● **Task item**: Copy each line below in which the string "Gold" appears.

(Short web captions)
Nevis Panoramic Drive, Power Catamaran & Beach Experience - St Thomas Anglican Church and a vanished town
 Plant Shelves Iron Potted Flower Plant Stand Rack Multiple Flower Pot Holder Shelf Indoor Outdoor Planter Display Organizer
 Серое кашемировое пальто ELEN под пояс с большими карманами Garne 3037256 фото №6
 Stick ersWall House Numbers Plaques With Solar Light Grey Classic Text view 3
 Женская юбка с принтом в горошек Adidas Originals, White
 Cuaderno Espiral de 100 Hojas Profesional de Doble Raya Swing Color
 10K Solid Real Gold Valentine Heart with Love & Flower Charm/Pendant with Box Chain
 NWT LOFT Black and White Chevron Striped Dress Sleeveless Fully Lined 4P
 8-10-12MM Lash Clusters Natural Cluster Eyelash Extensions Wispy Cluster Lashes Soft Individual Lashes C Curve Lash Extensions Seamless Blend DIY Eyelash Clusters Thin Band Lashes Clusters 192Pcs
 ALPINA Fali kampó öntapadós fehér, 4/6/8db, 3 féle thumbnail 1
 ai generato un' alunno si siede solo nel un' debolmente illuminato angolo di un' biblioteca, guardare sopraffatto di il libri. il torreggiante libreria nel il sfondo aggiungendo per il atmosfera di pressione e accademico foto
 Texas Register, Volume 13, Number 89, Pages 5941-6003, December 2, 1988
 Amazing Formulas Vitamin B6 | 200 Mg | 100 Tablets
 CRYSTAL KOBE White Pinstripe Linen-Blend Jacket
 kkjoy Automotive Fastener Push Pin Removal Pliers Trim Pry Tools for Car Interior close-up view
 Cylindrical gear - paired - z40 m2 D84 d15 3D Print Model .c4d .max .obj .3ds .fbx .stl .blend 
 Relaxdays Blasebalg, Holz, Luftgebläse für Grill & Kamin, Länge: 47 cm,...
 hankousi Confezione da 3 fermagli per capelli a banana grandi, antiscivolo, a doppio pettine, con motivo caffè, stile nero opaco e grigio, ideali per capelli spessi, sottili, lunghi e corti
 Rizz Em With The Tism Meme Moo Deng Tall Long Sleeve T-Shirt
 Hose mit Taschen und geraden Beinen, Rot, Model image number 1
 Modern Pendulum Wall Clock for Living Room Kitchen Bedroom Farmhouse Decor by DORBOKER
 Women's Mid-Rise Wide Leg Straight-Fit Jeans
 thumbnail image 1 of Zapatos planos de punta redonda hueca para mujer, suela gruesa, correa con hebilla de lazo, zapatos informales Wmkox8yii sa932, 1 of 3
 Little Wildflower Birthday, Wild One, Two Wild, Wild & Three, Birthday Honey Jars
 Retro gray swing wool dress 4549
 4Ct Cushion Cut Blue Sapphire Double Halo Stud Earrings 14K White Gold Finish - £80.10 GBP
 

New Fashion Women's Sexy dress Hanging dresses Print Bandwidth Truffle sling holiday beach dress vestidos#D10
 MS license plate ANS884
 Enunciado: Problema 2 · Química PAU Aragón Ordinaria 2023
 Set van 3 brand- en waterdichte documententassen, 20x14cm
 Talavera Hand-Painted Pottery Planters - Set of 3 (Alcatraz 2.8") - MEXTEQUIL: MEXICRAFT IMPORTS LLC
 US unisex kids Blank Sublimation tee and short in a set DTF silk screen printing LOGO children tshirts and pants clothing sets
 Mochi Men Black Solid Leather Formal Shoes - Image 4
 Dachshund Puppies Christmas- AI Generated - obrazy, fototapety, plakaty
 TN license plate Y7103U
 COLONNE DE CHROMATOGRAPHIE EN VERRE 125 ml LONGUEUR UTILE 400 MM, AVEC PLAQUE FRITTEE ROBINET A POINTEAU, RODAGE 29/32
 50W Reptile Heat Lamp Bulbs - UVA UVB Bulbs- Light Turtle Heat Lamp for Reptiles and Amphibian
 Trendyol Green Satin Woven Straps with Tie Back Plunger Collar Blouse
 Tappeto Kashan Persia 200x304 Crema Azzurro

● **Exercise result**:
 10K Solid Real Gold Valentine Heart with Love & Flower Charm/Pendant with Box Chain
 4Ct Cushion Cut Blue Sapphire Double Halo Stud Earrings 14K White Gold Finish - £80.10 GBP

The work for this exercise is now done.